[Dataset excerpts]
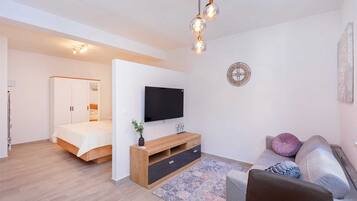 1 bedroom, free WiFi, bed sheets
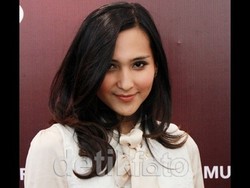 Dena Rachman Akan Ganti KTP Jika Sudah Operasi Kelamin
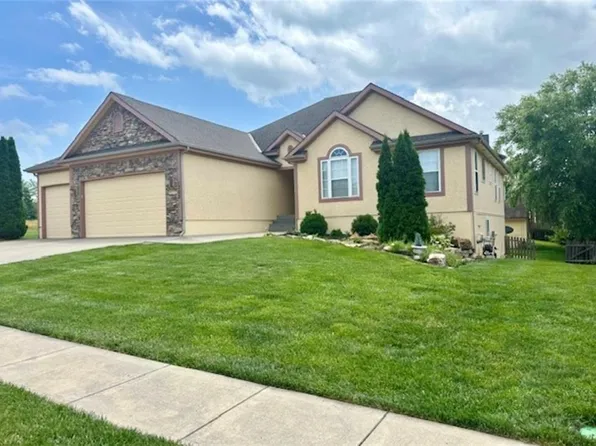 1703 Esther Dr, Kearney, MO 64060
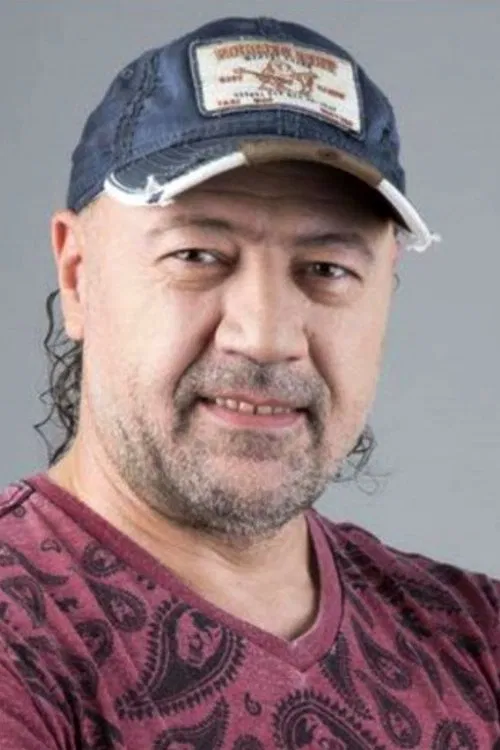 Tata Simonyan profile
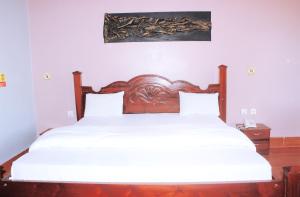 Ein Bett oder Betten in einem Zimmer der Unterkunft REBERO RESORT Ltd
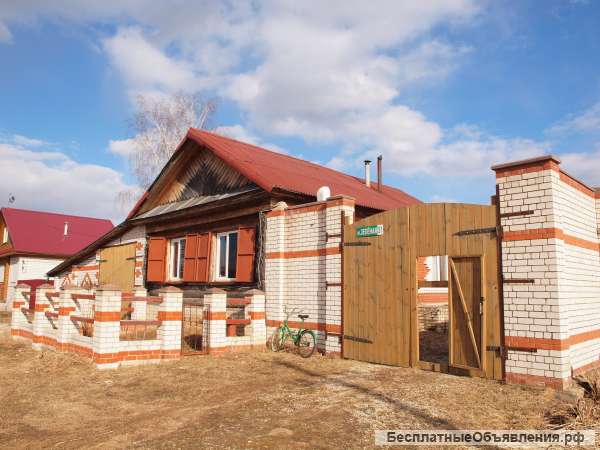 Дом с земельным участком село Великовское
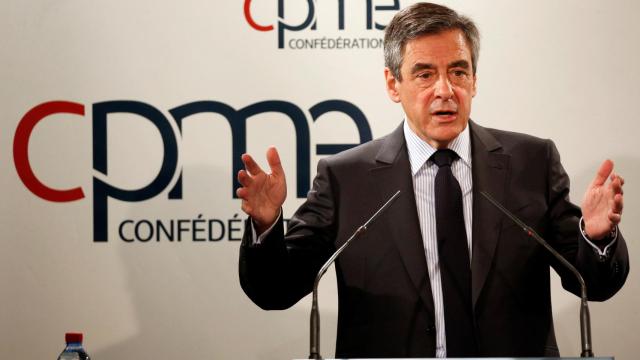 Fillon, durante una comparecencia de prensa este lunes.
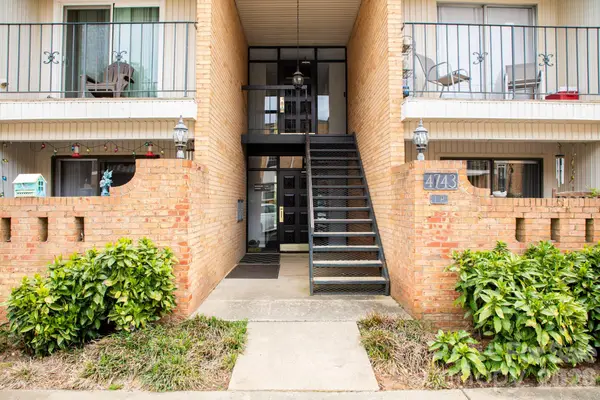 4743 Hedgemore Drive #L, Charlotte, NC 28209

■ Description of the task: All lines from the one containing "1703 Esther Dr, Kearney, MO 64060" through the final line of the records are to be retyped exactly; no other lines and no pictures are to be included.

■ Written response:
 1703 Esther Dr, Kearney, MO 64060
 Tata Simonyan profile
 Ein Bett oder Betten in einem Zimmer der Unterkunft REBERO RESORT Ltd
 Дом с земельным участком село Великовское
 Fillon, durante una comparecencia de prensa este lunes.
 4743 Hedgemore Drive #L, Charlotte, NC 28209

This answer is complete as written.